L'homme en noir fit quelques centaines de mètres dans le chemin de bois puis arrêta son véhicule. Il avait le souffle court, la gorge sèche, il avait du mal à avaler. Une douleur lancinante venait du côté droit de sa tête, de son oreille surtout, et son larynx le faisait souffrir. Il souffla un moment, regardant dans son rétroviseur l'incendie, maintenant à une bonne distance, qui brillait à travers les arbres. Il empoigna le fusil de chasse. Il fit basculer le canon et constata qu’il comportait une cartouche. « Hm. » La première bonne nouvelle de la journée. Ça lui fit penser aux gars. Le Gros, mort, qui brûlait dans le chalet. Et Ti-Guy. Ti-Guy qui l’étranglait dans la chaloupe. « Toi, si je te trouve, t’es mort », souffla-t-il. Il demeura immobile encore un moment.
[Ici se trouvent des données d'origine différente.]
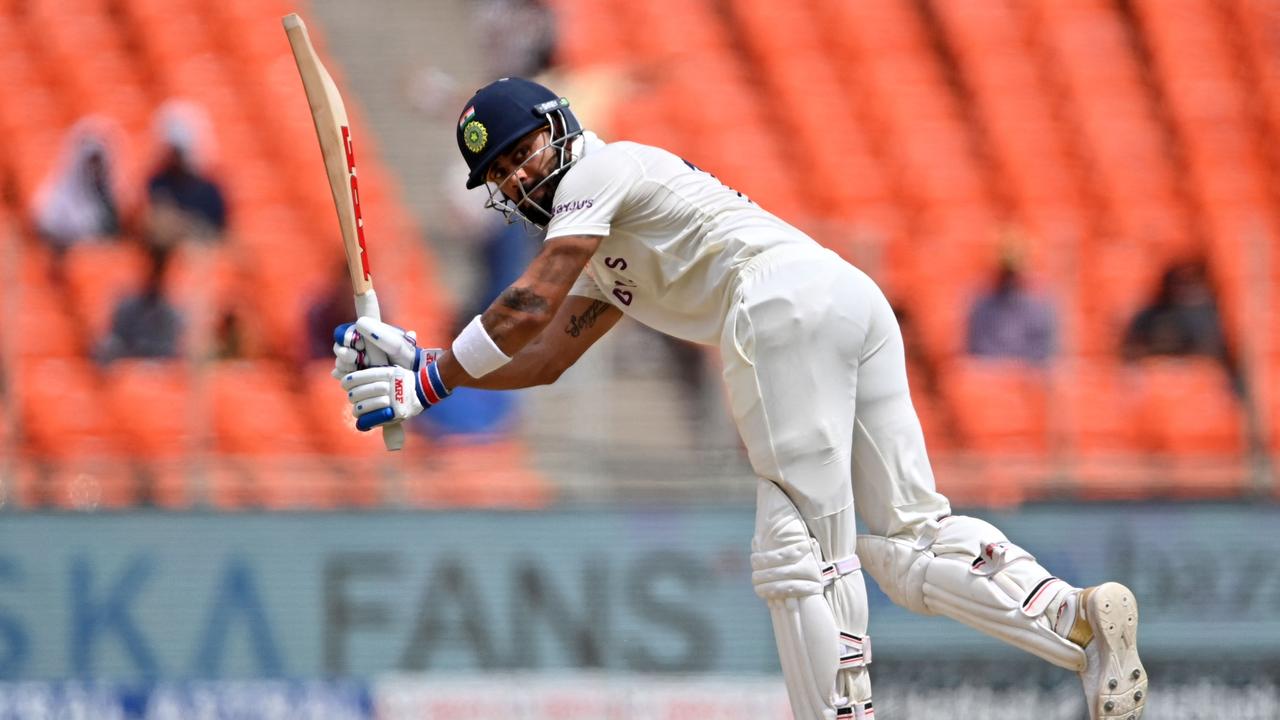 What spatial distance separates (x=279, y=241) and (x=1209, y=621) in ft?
18.4

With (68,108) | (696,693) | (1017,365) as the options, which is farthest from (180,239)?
(1017,365)

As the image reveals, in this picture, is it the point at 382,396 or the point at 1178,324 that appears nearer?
the point at 382,396

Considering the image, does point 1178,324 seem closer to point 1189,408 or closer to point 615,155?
point 1189,408

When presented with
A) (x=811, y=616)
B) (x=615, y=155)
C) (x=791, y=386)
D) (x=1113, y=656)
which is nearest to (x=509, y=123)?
(x=615, y=155)

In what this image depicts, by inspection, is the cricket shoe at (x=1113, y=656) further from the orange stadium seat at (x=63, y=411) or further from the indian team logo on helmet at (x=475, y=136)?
the orange stadium seat at (x=63, y=411)

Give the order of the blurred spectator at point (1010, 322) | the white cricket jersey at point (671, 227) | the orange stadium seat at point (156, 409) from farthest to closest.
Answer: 1. the blurred spectator at point (1010, 322)
2. the orange stadium seat at point (156, 409)
3. the white cricket jersey at point (671, 227)

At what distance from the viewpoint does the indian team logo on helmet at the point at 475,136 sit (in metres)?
5.33

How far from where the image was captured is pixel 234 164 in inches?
451

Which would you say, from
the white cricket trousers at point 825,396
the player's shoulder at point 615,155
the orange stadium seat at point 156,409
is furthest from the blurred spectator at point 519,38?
the white cricket trousers at point 825,396

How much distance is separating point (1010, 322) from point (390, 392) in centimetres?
510

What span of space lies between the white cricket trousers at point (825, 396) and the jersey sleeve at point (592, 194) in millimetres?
456

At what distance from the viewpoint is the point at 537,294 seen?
517cm

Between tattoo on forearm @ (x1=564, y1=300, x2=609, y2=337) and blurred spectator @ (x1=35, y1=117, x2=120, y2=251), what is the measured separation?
5.19m

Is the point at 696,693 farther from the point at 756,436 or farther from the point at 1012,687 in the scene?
the point at 756,436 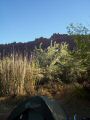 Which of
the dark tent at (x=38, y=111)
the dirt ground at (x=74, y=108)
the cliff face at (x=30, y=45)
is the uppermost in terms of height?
the cliff face at (x=30, y=45)

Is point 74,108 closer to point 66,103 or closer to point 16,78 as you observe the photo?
point 66,103

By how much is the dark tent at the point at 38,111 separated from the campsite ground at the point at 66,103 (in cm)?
177

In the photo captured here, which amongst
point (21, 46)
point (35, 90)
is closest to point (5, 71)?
point (35, 90)

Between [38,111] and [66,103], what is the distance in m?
3.45

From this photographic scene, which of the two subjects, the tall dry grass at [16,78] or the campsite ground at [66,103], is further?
the tall dry grass at [16,78]

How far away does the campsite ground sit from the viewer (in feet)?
36.8

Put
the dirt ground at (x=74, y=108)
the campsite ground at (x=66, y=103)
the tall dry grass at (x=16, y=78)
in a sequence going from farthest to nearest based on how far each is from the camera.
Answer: the tall dry grass at (x=16, y=78)
the campsite ground at (x=66, y=103)
the dirt ground at (x=74, y=108)

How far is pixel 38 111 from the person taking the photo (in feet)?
28.8

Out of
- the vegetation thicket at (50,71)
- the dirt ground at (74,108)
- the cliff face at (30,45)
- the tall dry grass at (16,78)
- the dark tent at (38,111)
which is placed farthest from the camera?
the cliff face at (30,45)

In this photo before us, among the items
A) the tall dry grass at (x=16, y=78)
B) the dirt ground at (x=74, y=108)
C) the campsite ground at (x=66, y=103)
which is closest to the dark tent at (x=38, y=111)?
the dirt ground at (x=74, y=108)

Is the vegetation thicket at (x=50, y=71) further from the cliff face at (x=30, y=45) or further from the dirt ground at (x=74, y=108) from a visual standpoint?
the cliff face at (x=30, y=45)

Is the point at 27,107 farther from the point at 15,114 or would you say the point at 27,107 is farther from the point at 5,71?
the point at 5,71

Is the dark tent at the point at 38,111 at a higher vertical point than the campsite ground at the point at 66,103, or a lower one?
higher

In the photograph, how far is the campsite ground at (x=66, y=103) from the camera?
11.2 meters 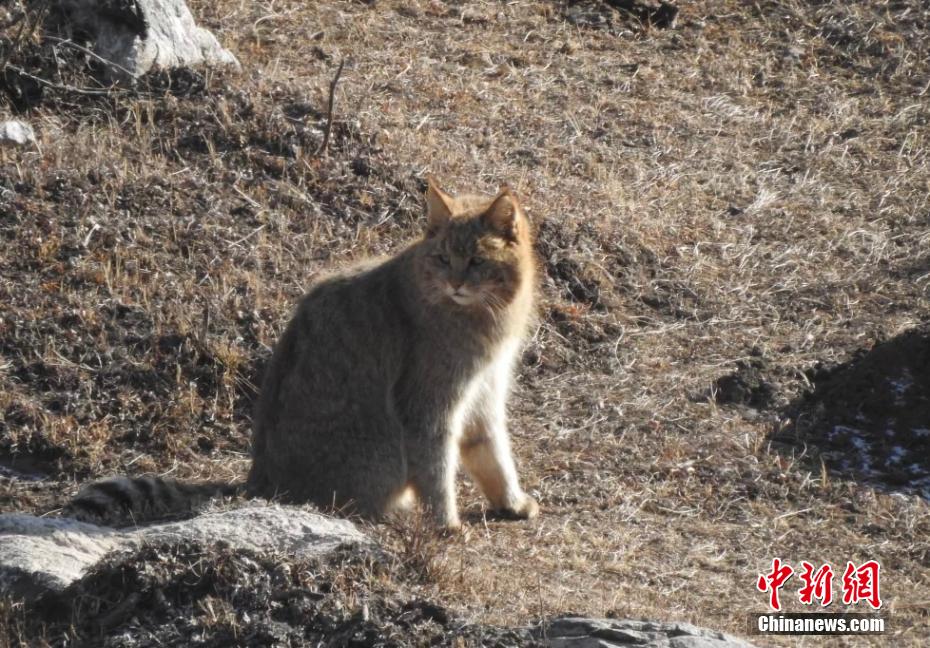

Il savait qu’en principe, il devrait fuir avant que quelqu’un, quelque part, s’aperçoive de l’incendie et appelle la SQ. Mais dans ce genre de coin reculé, il était tout à fait probable que la cabane brûle en entier sans que personne n’en ait conscience. Il ne fallait quand même pas prendre trop de risques. Il embraya et continua sa route dans le bois. Les puissants phares du véhicule éclairaient le chemin d’une forte lumière, ce qui lui permettait de rouler vite. Au moment où il arrivait à l’embranchement du chemin forestier principal, il entendit le bruit d’une explosion, au loin, derrière.